What it means to be a Buddhist charity

Dhammachari Amoghasiddhi

As a young man I wanted to work for the benefit of the underprivileged. I got involved with a number of different groups. But I saw that it wasn’t enough just to give people material help; material things alone could not make them happy. I saw that many of the problems people faced were caused by a lack of understanding and confidence. People thought that it was their fate to be poor, so they didn’t think there was any point trying to do something about it. They needed a new way of looking at their problems.

At that time I had a very strong faith in Buddhism because it teaches that it is possible to change yourself. Buddhism teaches you not to blame your suffering on other people. I realized that, if things were going to improve for my community, we would have to help ourselves. For that reason I couldn’t go along with groups that advocated political agitation. I could see that the only way to bring about real change was for individuals to change themselves.

Many groups try to work with poor communities. But often people do not trust them because they can see that these groups are really motivated by political ambition. People trust us because they can see that we are not at all interested in power or prestige.

Our commitment is to making personal contact with people. We always try to be very positive in our approach. We do not criticize other groups or other religions. We do not differentiate between Buddhist and non-Buddhist homes. We just go out to people in need and try to help them without imposing any conditions.

We have chosen Buddhism for ourselves but we do not try to force Buddhism on the people we help. We try to see human beings simply as human beings rather than as members of any caste or religious group. For this reason many people from non-Buddhist communities benefit from our work and are very appreciative of us. Sometimes they see that we are happier and more friendly than other people, so they decide that they want to become involved with Buddhism themselves. But that has to be their choice without any persuasion from us. Our aim is simply to help people grow and develop as human beings.

I am often struck by how deep-rooted the caste system is in Indian society. You don’t see so many obvious signs of it nowadays, it has gone underground. But it still exerts a subtle influence over people’s ways of thinking. A big problem for us is that many people from poor communities still tend to think of themselves as inferior and this holds them back from trying to get jobs outside their own communities. Another problem is that often a poor community will be divided along sub-caste lines and this makes it very difficult for people to cooperate with each other together to bring about positive change.

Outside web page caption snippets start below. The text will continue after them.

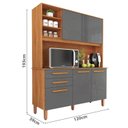 Ver imagem 3 de Armário de Cozinha 5 Portas 2 Gavetas 120cm Adelle Yescasa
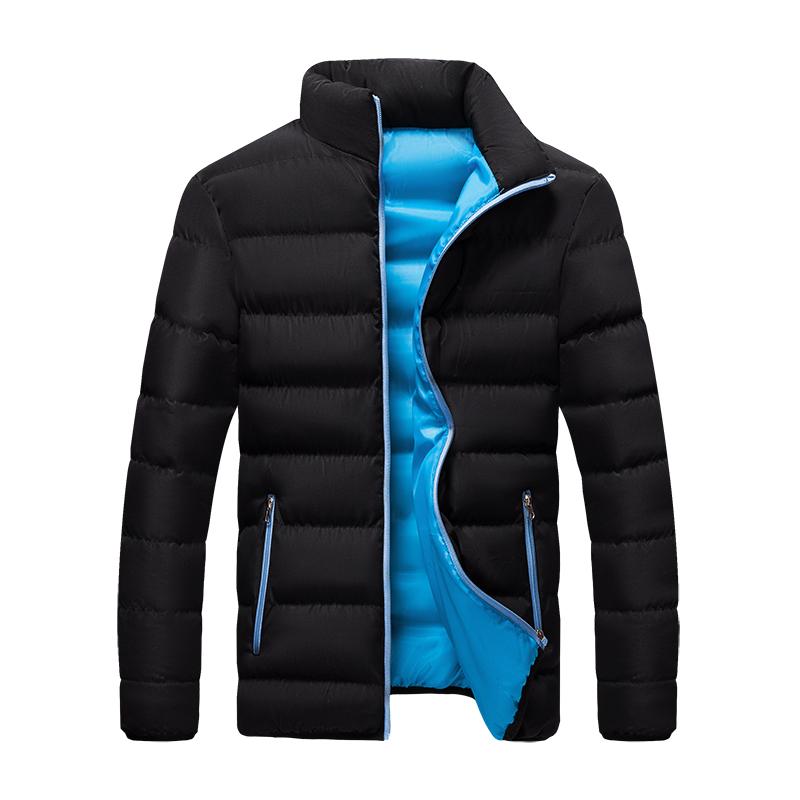 Winter Coat Cotton Coat Thickened Warm Parker Solid-Veeddydropshipping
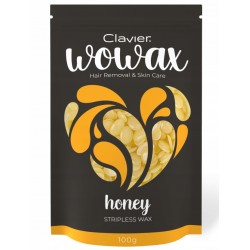 Clavier Wosk twardy perełki bez pasków Honey - 100 g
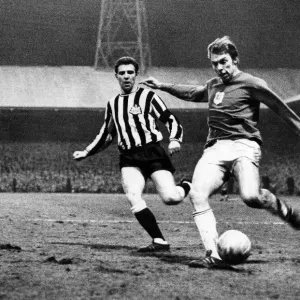 Newcastle United v Anderlecht Print, 1970 Inter Cities Fairs Cup Match Newcastle United v Anderlecht Print, 1970 Inter Cities Fairs Cup Match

For these reasons it is not enough just to work for people’s material well-being. Even political change will not really make very much difference if underlying attitudes don’t change as well. This is why our projects try to help people to change their own minds as well as their material situation. I believe that we cannot really transform society without at the same time changing ourselves. The two things cannot be separated. This is what we mean when we say that we are a Buddhist charity.